My chin starts to itch. I haven't worn this flesh-mask in a while, and it's chafing me underneath. Like leather, it needs to be oiled to stay supple. Have I neglected to treat this one regularly? The itch intensifies, but I know better than to scratch at it. I never touch these faces while I wear them; I never know if something might go awry. This one in particular, I can feel it stiffening, digging into my ravaged flesh beneath with its crusty glued edges. The itching has mutated into a burning sensation, and it's spreading.
I'm trapped beneath. I have to get it off.
The restroom is occupied.
I have to go home. I have to leave. Now, before it's too late.
But Shannon remains in the doorway with one hand on it, still on tiptoe at the back of the line, straining to see a corner of the shop she might have neglected on first inspection. The glow is completely absent from her face now. She has the look of a beautiful girl who's been stood-up before and knows what it's like, despite it being the most unfair thing in the world.
I clench my fists to keep them from ripping this face off and hurling it across the shop. It's me, Shannon! Matt! I'm still here! I'm—
She's gone. The bell jingles as the door swings shut behind her.
––––––––
There's no message on the computer when I return to my apartment. The Midwestern face is in the trash; I'll burn it later. I won't be wearing that one ever again. I should go through my closet and discard the faces that have outlived their prime.
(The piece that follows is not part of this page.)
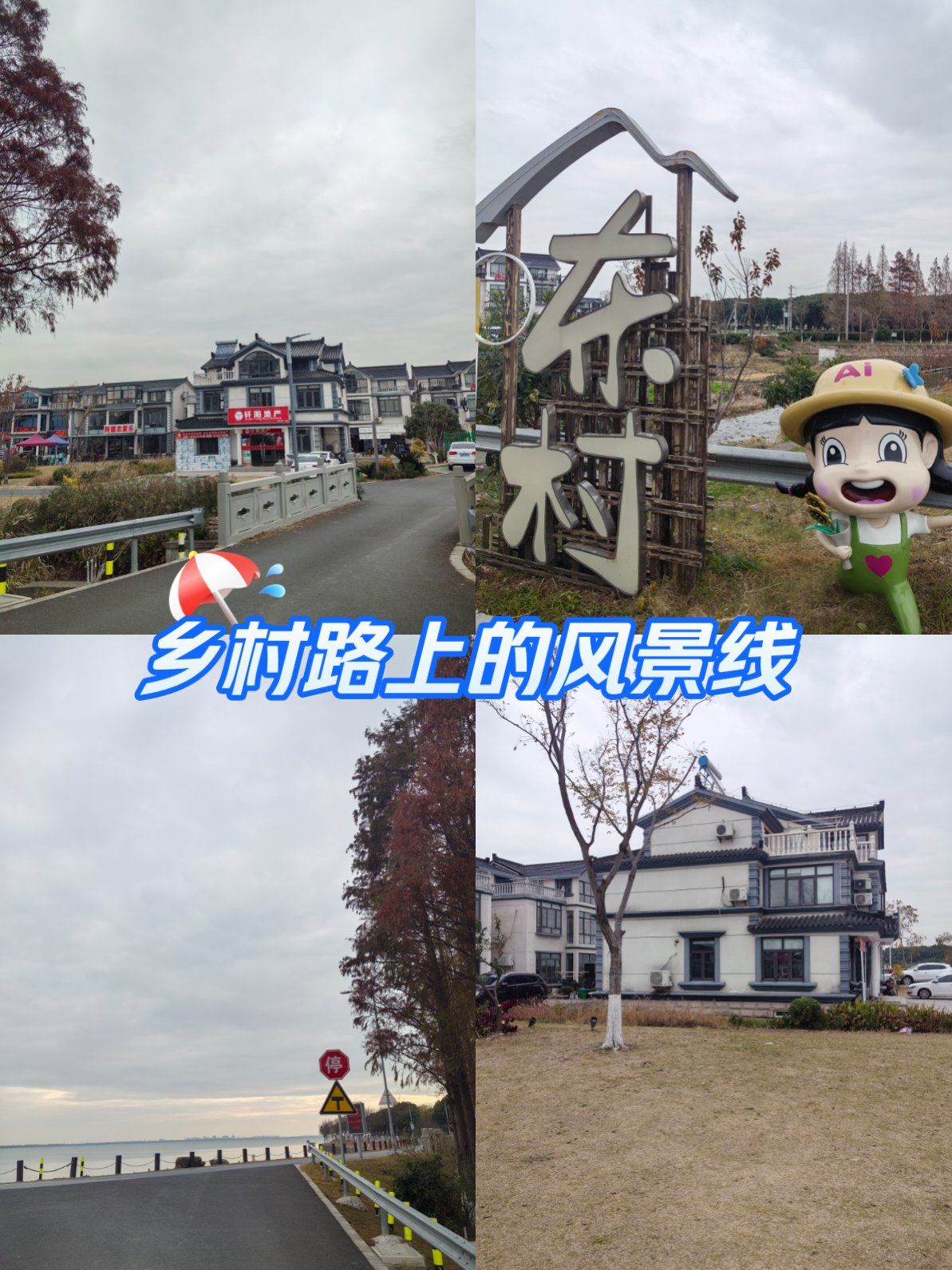 农家菜
在淀山湖周围有个叫东村的地方周围都是当地居民开的农家乐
Haven't I been maintaining them regularly? I seem to remember doing so; but then again, I'm quite the unreliable narrator.
I deactivate the Matthew Helms network account. There won't be any more messages from Shannon, and I won’t be waiting for any from my brother. Fifteen years is a long time. People change. They grow, move on. They disappear. Sometimes you can't even recognize them anymore.
Who is this masked man, you ask? The Lone Ranger—or Gale Treehornn, as I prefer to be called. (I'm sure you were expecting a much more ironic anagram. How's that for an anticlimax? Hey now, don't be hating.) Gale Treehornn, master identity thief. Coming soon to a neighborhood near you.
Why do I do what I do? Well, I'm afraid you'll have to answer that question for yourself. We all like to wear our little masks, pretending to be someone we're not for the people around us.
Are we really so different, you and I?